До начала циркового представления мы ходим по только что открытой ежегодной ярмарке. Новенькие ее ряды, пахнущие свежим тесом и краской, выстроены на базарной площади, рядом с цирком. Мы, дети, всегда радуемся ярмарке. В однообразной жизни провинциального города словно распахиваются окна в далекий мир, другие города, другие климаты и широты. Волга приветствует нас в лавке ярославца-мороженщика Шульгина. Из лавки Масюма Хабибуллина пахнет вкусным запахом казанского мыла всех цветов радуги: зеленого – хвойного, земляничного – розового, белого – из черемухи, лилового – из сирени. Еще торгует Масюм Хабибуллин яркими татарским халатами, пестрыми тюбетейками, шитыми золотом мягкими туфлями-чувяками. В другой лавчонке – хирургически чистенькой – две аккуратные остзейские немочки предлагают вниманию покупателей пряники из Митавы и мятные лепешечки «пеппермент-бомбон». В ташкентской лавке люди в чалмах предлагают изюм-сабзу, сушеные абрикосы, чернослив, шепталу, а сам владелец лавки, маленький старичок-сморчок, сухонький, как предлагаемые им компоты, продает «вихель-хвост» и «пыжмы от молей» (очень действенные и невыносимо вонючие средства против моли). Ласковый старичок-сморчок, увидев среди нас моего брата Сенечку, закивал седенькой головкой, зацокал языком:
– Ай, ай, ай! Беленький мальчик, волоса золотой, такой миленький, кисанька-соловейчик! – И, подавая ему крупную черносливину, говорит словно поет: – Куший, мальчик, куший! Расти большой-большой!

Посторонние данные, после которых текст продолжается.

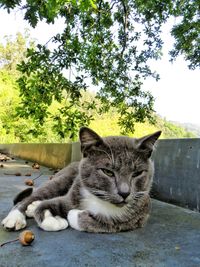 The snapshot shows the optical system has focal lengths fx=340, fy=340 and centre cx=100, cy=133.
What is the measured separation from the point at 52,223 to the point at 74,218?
0.49 feet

Сенечка взял черносливину, шаркнул ножкой, поблагодарил:
– Мерси!
Но мысли Сенечки не здесь, и мечтает он не о черносливе, а о том, что он сегодня увидит – в первый раз в жизни! – в цирке. Больше всего Сенечка боится опоздать к началу циркового представления. Он поминутно смотрит на маму умоляющими глазами.